> _PROMPT_:
What follows is a listing; repeat exactly, and only, its lines from the one holding "doctor providing a telehealth consultation" through the last, leaving any pictures out.

> _INPUT FOR THIS TASK_:

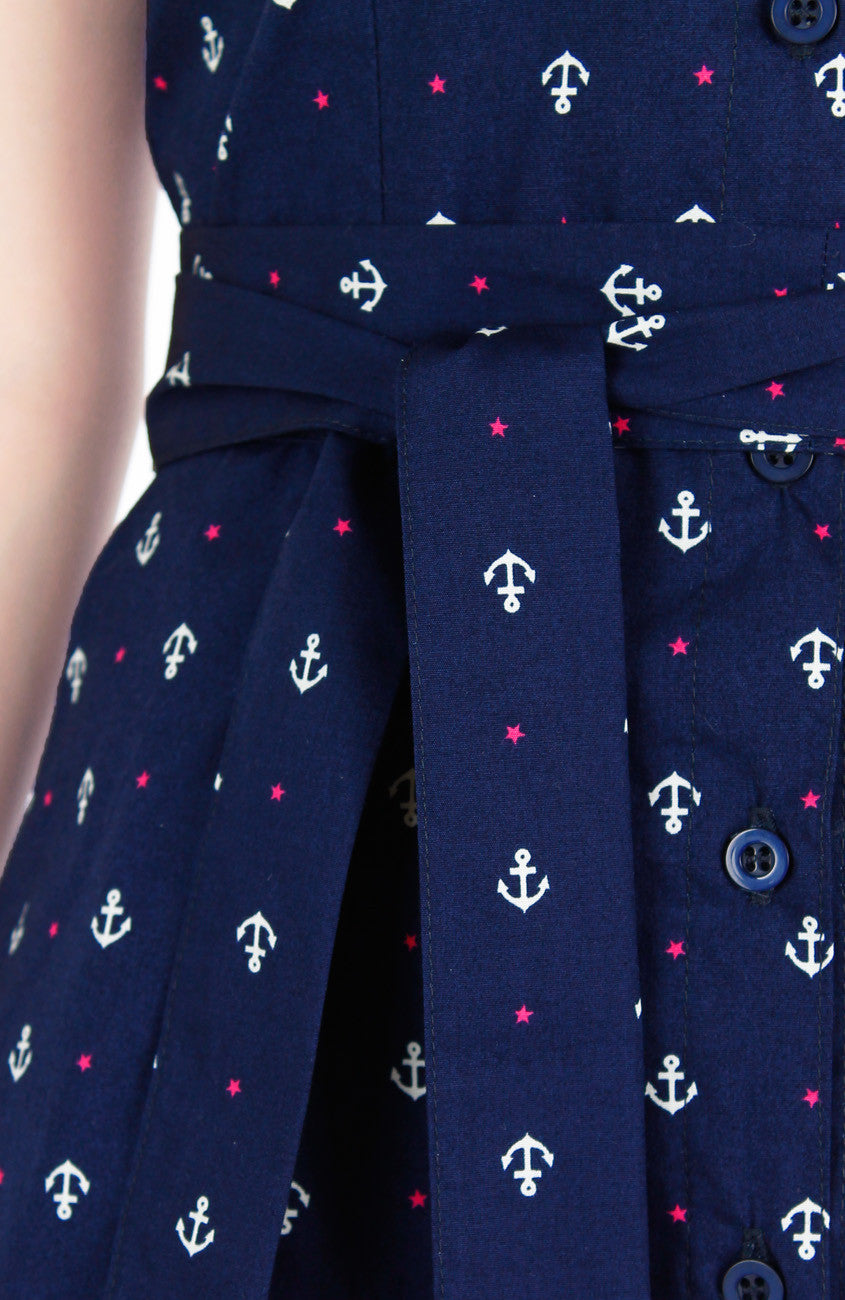 Ahoy, Gorgeous! Nautical A-Line Button Down Dress in Knee Length - Deep Blue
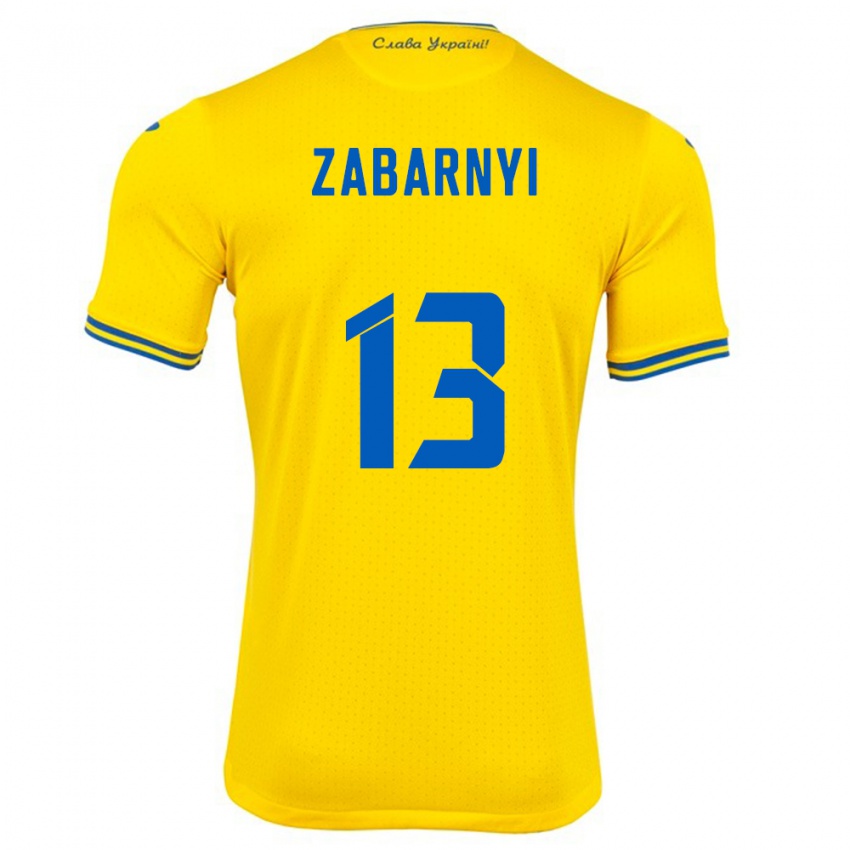 Kinder Ukraine Ilya Zabarnyi #13 Gelb Heimtrikot Trikot 24-26 T-Shirt Schweiz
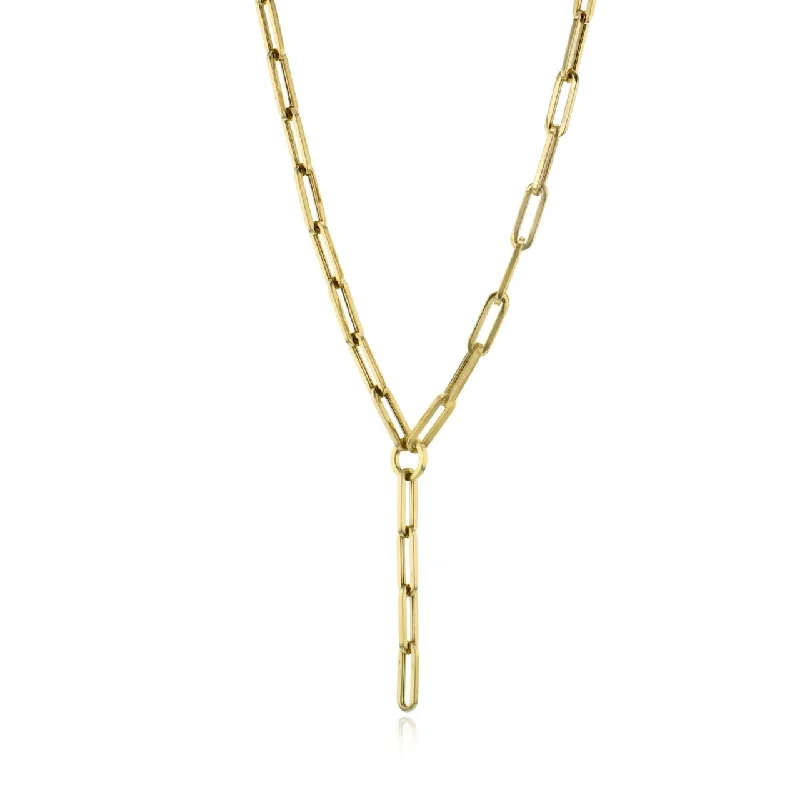 rose gold cartilage barbell Chain Link Necklace in 18k Gold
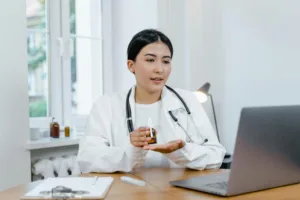 doctor providing a telehealth consultation
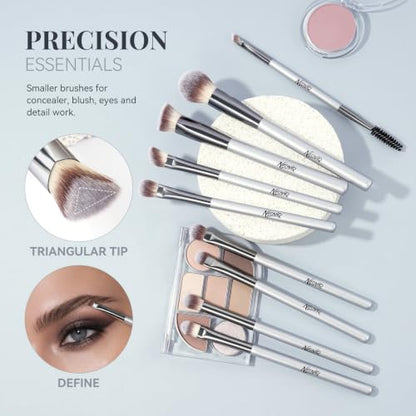 14 PCS Professional Makeup Brushes Set with Travel Cosmetic Bag（Silver） | Luxe Soft Synthetic Face & Eye Makeup Brush Kit for Foundation, Powder, Blush, Concealer, Eyeshadow, Contour, Eyebrow - color: 14PCS-0-Silver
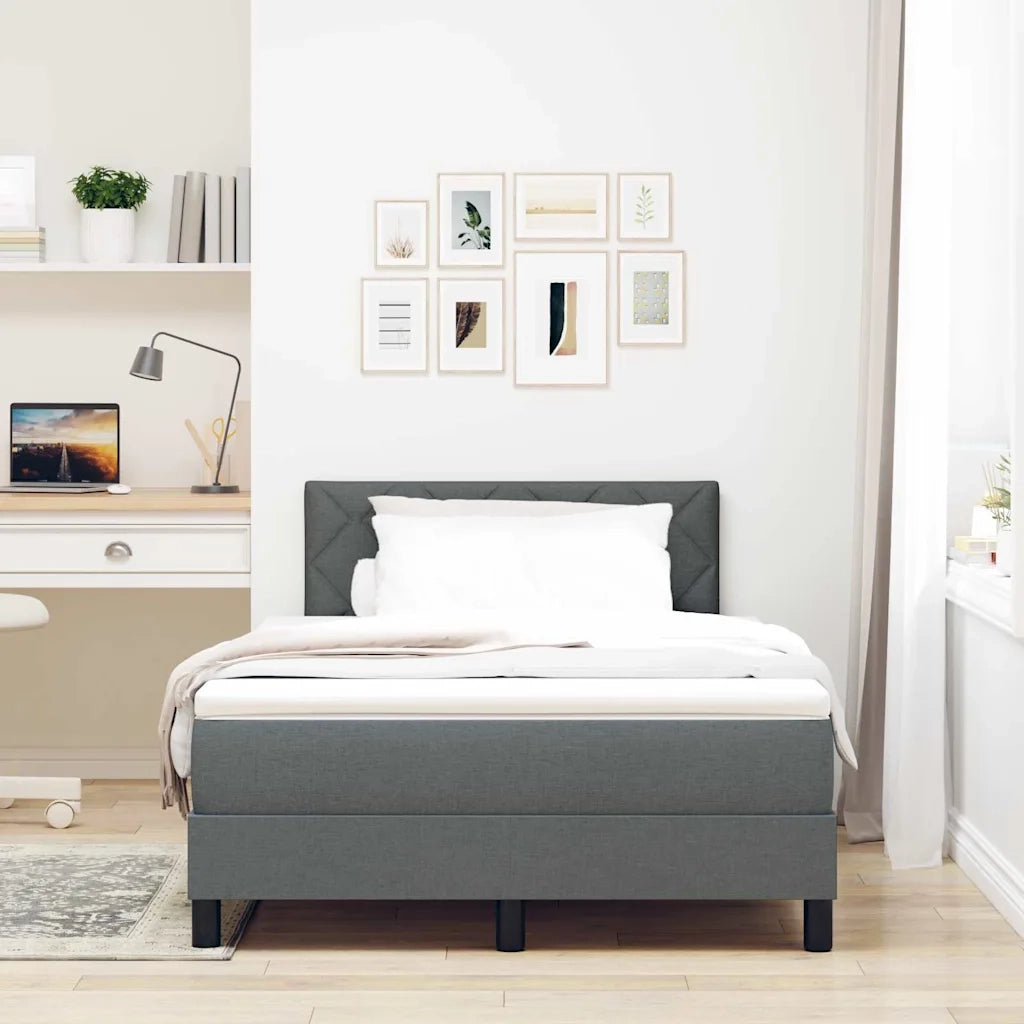 Letto a Sorgente LED con led Grigio scuro 120 x 200 cm Tessuto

> _EXERCISE RESPONSE_:
 doctor providing a telehealth consultation
 14 PCS Professional Makeup Brushes Set with Travel Cosmetic Bag（Silver） | Luxe Soft Synthetic Face & Eye Makeup Brush Kit for Foundation, Powder, Blush, Concealer, Eyeshadow, Contour, Eyebrow - color: 14PCS-0-Silver
 Letto a Sorgente LED con led Grigio scuro 120 x 200 cm Tessuto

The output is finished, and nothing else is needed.